E o mais grave: a mesma emissora que editou Trump de forma desonesta foi também acusada de distorcer a cobertura sobre Israel. Israel! País que, cercado por inimigos e atacado por terroristas assassinos do Hamas, exerceu o seu legítimo direito de defesa. Transformar Israel em vilão e o Hamas em vítima é mais do que inaceitável; é destrutivo. Como judeu, eu não posso aceitar, eu repudio. Esse tipo de manipulação midiática alimenta o antissemitismo de forma avassaladora e põe em risco o próprio valor civilizacional que a imprensa deveria proteger, ou seja, a verdade.
A republiqueta vermelho, verde-amarela, sempre atenta às modas ruins, e aos seus interesses espúrios, nada republicanos — não poderia ficar de fora. Nossa versão tropical da emissora britânica chama-se Rede Globo. Claro, o braço midiático não declarado, mas assumido, do lulopetismo. Aqui, nem se disfarça mais. Quando Lula “venceu” a eleição, a redação da Globo explodiu em festa. Jornalistas se abraçavam, riam, gritavam como torcedores em final de campeonato. Isso é jornalismo? Ou torcida organizada com crachá e microfone?
Nenhum diretor se demitiu. Afinal, na Globo, distorcer é virtude. A emissora não informa; interpreta, edita e doutrina. Transformou-se no altar eletrônico da moral progressista, onde a liturgia diária consiste em “corrigir” a realidade até que ela se torne aceitável aos olhos da própria fé.
Como todo bom clérigo secular, os jornalistas da casa creem estar do lado certo da história. Mentem, mas “por uma boa causa”. Manipulam, mas “em defesa da verdade”. A arrogância moral é tamanha que se acham autorizados a enganar o público, e ainda se sentem virtuosos por isso.

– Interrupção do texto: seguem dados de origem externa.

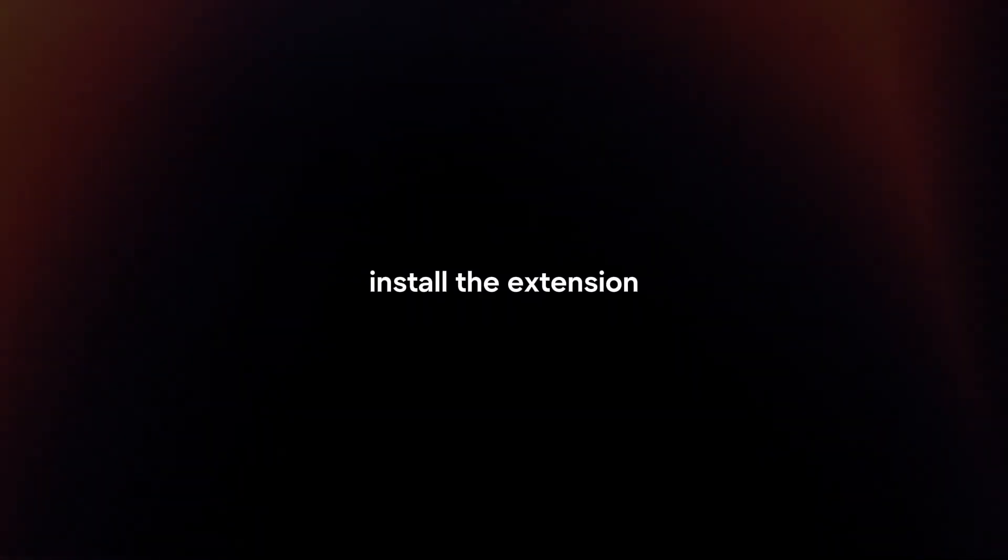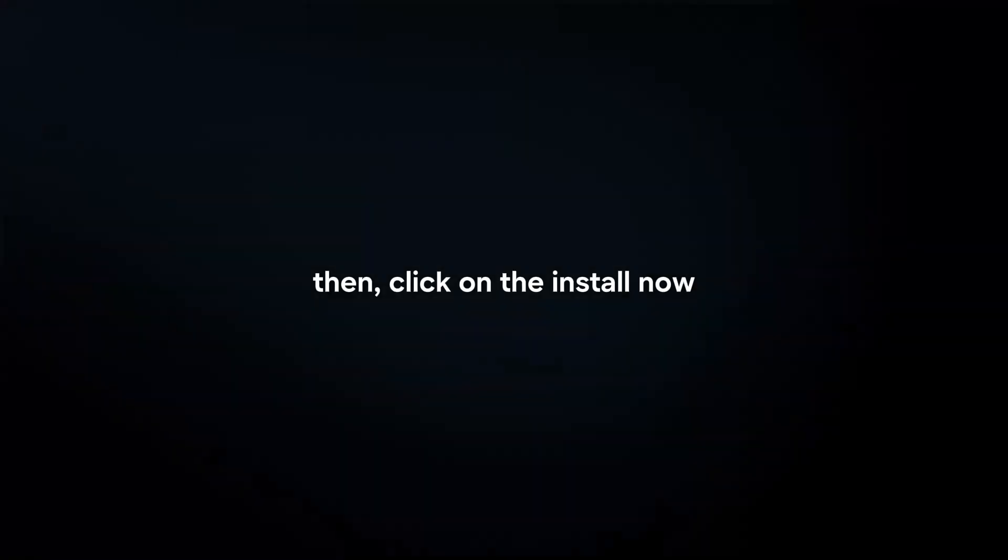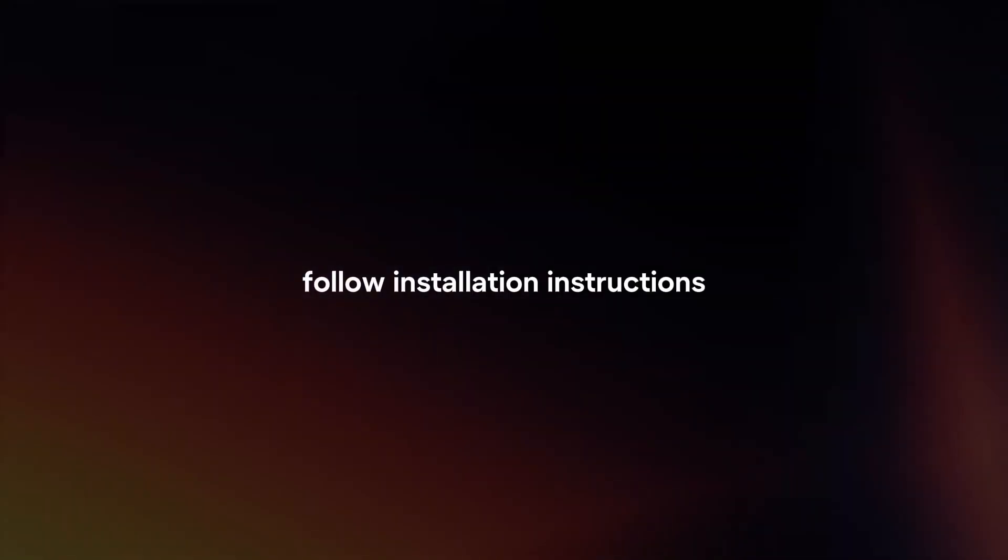Install the extension. Click on the extension to view more details. Then, click on the Install Now or Get button to download and install the extension to Safari. Follow installation instructions.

Lá fora, ainda há algum pudor; uma demissão, uma admissão de responsabilidade. Aqui, reina o aplauso. O brasileiro liga a televisão acreditando que está se informando, quando, na verdade, assiste a um sermão ideológico com intervalos comerciais.
Não espero arrependimentos nem confissões “globalistas”. Espero apenas que as pessoas despertem, e troquem de canal.
Porque quem controla a narrativa, controla o pensamento. E é exatamente isso que eles querem.